The conflict in Cyprus resulted in the de facto division of the island between the Turkish Cypriot controlled north and the Greek Cypriot controlled south. Turkey still maintains troops in Cyprus, since a political solution could not yet be achieved and since many members of the Turkish Cypriot community fear a return to the intercommunal violence which occurred between 1963 and 1974.

Historical units and structure

The Turkish Army has since the mid-1960s operated on a corps-division-brigade system, with a varying number of divisions and brigades assigned to a corps. The IISS Military Balance 1966–67 recorded a total strength of 360,000, with 16 infantry divisions (14 NATO assigned), 4 armoured brigades (Zırhlı tugay) with M47 Patton tanks, armoured cavalry regiments, and two parachute battalions. At some point in the 1960s the Army apparently utilised the Pentomic structure for a period, before adopting the American ROAD divisional organisation. Back in the early 1970s, there was a 6th Infantry Division based at Istanbul.
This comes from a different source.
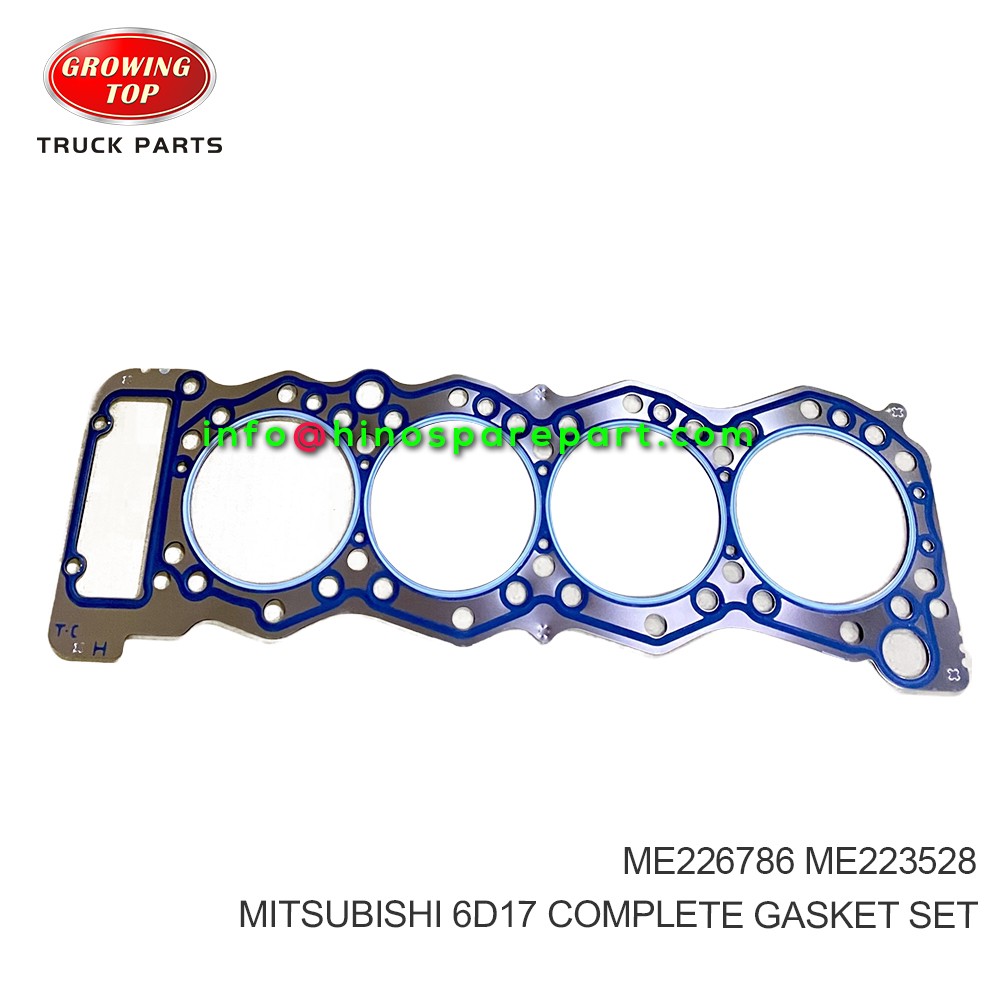 MITSUBISHI FUSO FE85 4M50 4M51 HEAD GASKET ME226786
The U.S. Area Handbook for the Republic of Turkey, written by Thomas Roberts, said in late 1968 that the army had 425,000 men (p. 385), three field armies (First: Istanbul, Second: Konya, Third: Erzurum), thirteen infantry divisions, one armoured division (with M-47s and M-48s), four armoured brigades (M47 Patton tanks), two armoured cavalry regiment, two mechanised infantry brigades, and two parachute battalions. There was a trained reserve of 450,000.

According to official British military reports in 1974, the Turkish Army included the First Army (2nd, 3rd, 5th, and 15th Corps), Second Army (4th, 6th, and 7th) and Third Army (8th, 9th and 11th Corps). There were also three Interior Zones with three recruit training divisions and four recruit training brigades. For a long period, these formations were grouped under the NATO headquarters Allied Land Forces South-Eastern Europe (LANDSOUTHEAST) in Izmir, led by a Turkish Army four-star General.
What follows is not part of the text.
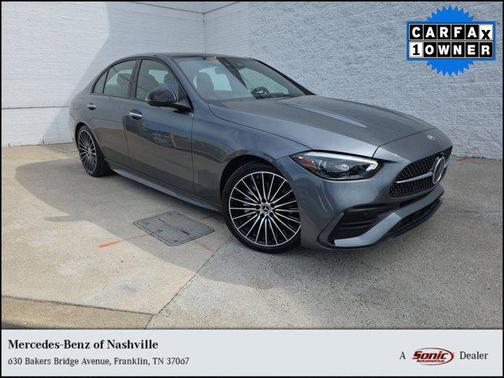 2024 Mercedes-Benz C-Class C 300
In 1981–82, the Army had one armoured division, two mechanised infantry divisions, and fourteen Infantry Divisions, with 3,000 M47 MBTs, 500 M48 MBTs, as well as 70 Leopard 1A3 on order, for a total of 3570 tanks.
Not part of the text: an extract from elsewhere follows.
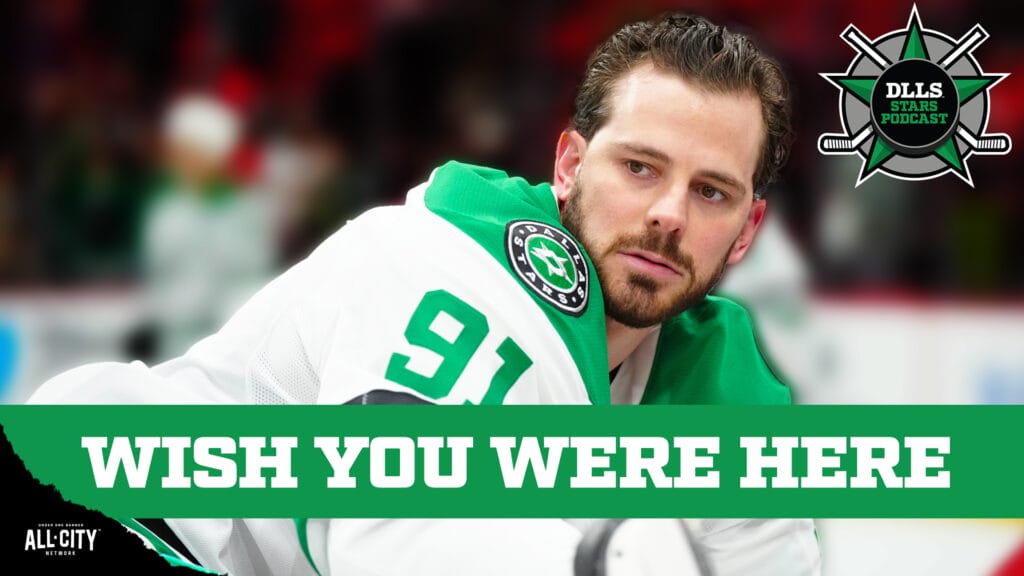 DLLS Dallas Stars podcast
Until the dissolution of the Warsaw Pact in 1990, the Army had a static defense mission of countering any possible attack on Thrace by Soviet/Warsaw Pact forces and deterring Greece, and any attack by the Soviet Transcaucasus Military District on the Caucasus frontier. The Third Army was responsible for holding the Caucasus line with about a third of the Army's total strength of one armoured, two mechanised, and fourteen infantry divisions (1986 data). Soviet forces immediately facing the Third Army in the Caucasus were the 31st Army Corps in the Georgian SSR and the 7th Guards Army in the Armenian SSR. Together the 31st Corps and 7th Guards Army had six divisions (roughly three Category "B" and three "C") plus some immobile fortified defence areas.

Nigel Thomas's NATO Armies 1949–87, published in 1988, attributed the 2nd, 3rd Corps, 5th, and 15th Corps to the First Army; the 6th and 7th Corps to the Second Army, the 4th, 8th, and 9th Corps to the Third Army, and the 11th Corps to the Aegean Army. He wrote that the 11th Corps comprised the 28th and 39th Divisions.

When the General Staff attempted to shift 120,000 troops to the frontier with Iraq in 1990, they discovered that there were serious deficiencies in the Army's ability to respond to crises that could erupt suddenly in distant regions.

After the fall of the Soviet Union LANDSOUTHEAST in Izmir became Joint Command Southeast for a period, before becoming Allied Air Component Command Izmir in 2004. The headquarters' land-focused roots were revived in the 2010s when NATO's two air commands were reduced into one (at Ramstein, Germany) and Allied Land Command was established at the site.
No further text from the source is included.